Inmitten dieses Geschehens stehen die Aktienanalysten. Gaben sie sich während des Ausverkaufs im Dezember eher kleinlaut, preisen sie ihre "Ware" mittlerweile wieder lauthals an. Je lauter, desto besser.

Das dürfte sich wohl auch Mark Purcell von Morgan Stanley gedacht haben. Der bekannte Pharmaanalyst erhöht sein Kursziel für die Genussscheine von Roche auf 316 (zuvor 307) Franken und empfiehlt die Papiere mit "Overweight" zum Kauf.

Purcell hält die Angst vor einer Umsatzerosion bei Schlüsselmedikamenten wie Rituxan, Avastin oder Herceptin für übertrieben. Gleichzeitig lobt er die hohe Innovationskraft des Pharma- und Diagnostikkonzerns aus Basel und schwört seine Anlagekunden stattdessen auf die nächste Welle von neuen Produkten ein. Um die jeweilige Wahrscheinlichkeit einer Marktzulassung bereinigt, sieht der Analyst die besagten Medikamente ab dem Jahr 2028 mehr als 28 Milliarden Dollar zum Jahresumsatz beitragen.

Unter gewissen Umständen traut man den Genussscheinen von Roche bei Morgan Stanley über die nächsten zwölf Monate gar einen Vorstoss auf 414 Franken zu. Das entspräche aus heutiger Sicht einem Kursanstieg um mehr als 50 Prozent.

Zur Erinnerung: Im Frühsommer letzten Jahres riet dieselbe amerikanische Investmentbank noch mit "Underweight" und einem Kursziel von gerade mal 230 Franken zum Verkauf dieser Valoren. Wer diesem Rat damals Folge leistete, löste keine 220 Franken. Heute kosten die Genussscheine mehr als 270 Franken.

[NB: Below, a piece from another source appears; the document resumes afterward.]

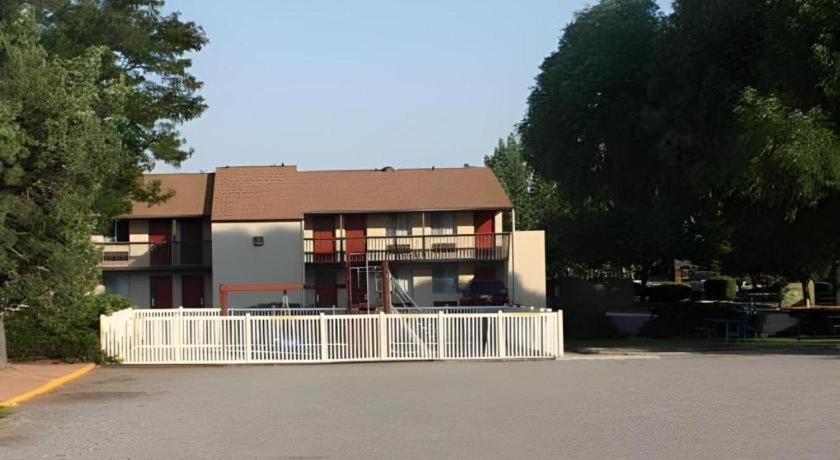 Grand Junction Motel Exterior photo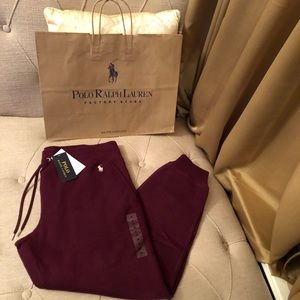 Maroon polo jumpsuit Clearance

Mit der grossen Kelle richtet hingegen Vontobel bei Straumann an. Der - wie auch Roche - in Basel beheimatete Dentalimplantatehersteller werde den Umsatz noch mindestens über die nächsten fünf Jahre hinweg prozentual zweistellig steigern, so begründet Analyst Daniel Buchta seine Kaufempfehlung für die Aktien des unangefochtenen Weltmarktführers. Um seiner Empfehlung den nötigen Nachdruck zu verleihen, erhöht er auch gleich noch das Kursziel. Mit 910 (zuvor 900) Franken liegt dieses um fast 25 Prozent höher als heute und stellt das bisweilen höchste Kursziel der Commerzbank von 900 Franken in den Schatten.

Mit dem Vorstoss in neue Märkte - beispielsweise mittels der Übernahme von ClearCorrect in jenen für Zahnkorrekturen - sind die Weichen bei Straumann auf Wachstum gestellt. An dieser Stelle warne ich allerdings davor, das beeindruckende Umsatz- und Gewinnwachstum der letzten Jahre linear in die Zukunft zu projizieren. Denn die Vergangenheit zeigt, dass selbst der Weltmarktführer aus Basel nicht völlig immun gegen eine Eintrübung der Konsumentenstimmung ist.

Beeindruckende Kursentwicklung der Straumann-Aktien über die letzten sechs Jahre. (Quelle: cash.ch)

Angesichts der soliden Bilanz rechnet Buchta mit steigenden Ausschüttungen an die Aktionäre. Was der Analyst nicht schreibt: Selbst auf seinen Dividendenschätzungen für das nächste Jahr errechnet sich gerade mal eine Rendite von knapp 1 Prozent – wie sich das für eine Wachstumsaktie vom Schlag von Straumann halt gehört.

In meiner gestrigen Kolumne berichtete ich bereits von einer Liebeserklärung aus Paris an Novartis. Absender ist Analyst Florent Cespedes von Société Générale. Er umgarnt die Angebetete aus Basel mit einer Kaufempfehlung und einem 104 Franken lautenden Kursziel.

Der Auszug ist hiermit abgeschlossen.